_PROBLEM DETAILS_
Repeat exactly the lines of the listing from the line containing "52158-06010 | Кронштейн" through its last line, and nothing beyond them.

_PROVIDED DATA_
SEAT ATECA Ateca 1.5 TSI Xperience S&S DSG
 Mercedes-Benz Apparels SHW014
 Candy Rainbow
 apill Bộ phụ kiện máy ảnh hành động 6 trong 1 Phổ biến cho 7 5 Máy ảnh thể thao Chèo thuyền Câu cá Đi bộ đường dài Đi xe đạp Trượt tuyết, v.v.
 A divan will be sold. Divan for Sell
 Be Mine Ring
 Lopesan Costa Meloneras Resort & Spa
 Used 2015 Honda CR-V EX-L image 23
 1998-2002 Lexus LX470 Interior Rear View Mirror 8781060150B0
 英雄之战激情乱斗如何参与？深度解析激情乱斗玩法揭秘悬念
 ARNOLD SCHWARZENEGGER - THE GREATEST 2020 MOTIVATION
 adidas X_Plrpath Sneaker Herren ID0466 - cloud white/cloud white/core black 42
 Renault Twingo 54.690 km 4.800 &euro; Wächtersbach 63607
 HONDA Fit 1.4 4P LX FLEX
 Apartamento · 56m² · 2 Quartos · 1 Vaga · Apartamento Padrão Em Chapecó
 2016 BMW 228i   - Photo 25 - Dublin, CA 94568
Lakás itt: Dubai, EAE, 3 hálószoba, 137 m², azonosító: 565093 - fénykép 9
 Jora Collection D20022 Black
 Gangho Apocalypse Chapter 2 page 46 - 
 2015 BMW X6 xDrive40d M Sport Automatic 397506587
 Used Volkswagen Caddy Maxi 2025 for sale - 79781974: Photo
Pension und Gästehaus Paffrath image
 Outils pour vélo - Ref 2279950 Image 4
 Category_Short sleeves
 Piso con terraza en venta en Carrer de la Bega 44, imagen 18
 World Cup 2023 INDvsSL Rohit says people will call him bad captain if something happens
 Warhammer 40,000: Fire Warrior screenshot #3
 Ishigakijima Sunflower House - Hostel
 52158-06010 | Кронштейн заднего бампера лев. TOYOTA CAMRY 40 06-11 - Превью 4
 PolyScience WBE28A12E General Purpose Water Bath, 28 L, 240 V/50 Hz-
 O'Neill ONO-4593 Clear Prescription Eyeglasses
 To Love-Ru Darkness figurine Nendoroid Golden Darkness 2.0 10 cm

_RESPONSE AREA_
 52158-06010 | Кронштейн заднего бампера лев. TOYOTA CAMRY 40 06-11 - Превью 4
 PolyScience WBE28A12E General Purpose Water Bath, 28 L, 240 V/50 Hz-
 O'Neill ONO-4593 Clear Prescription Eyeglasses
 To Love-Ru Darkness figurine Nendoroid Golden Darkness 2.0 10 cm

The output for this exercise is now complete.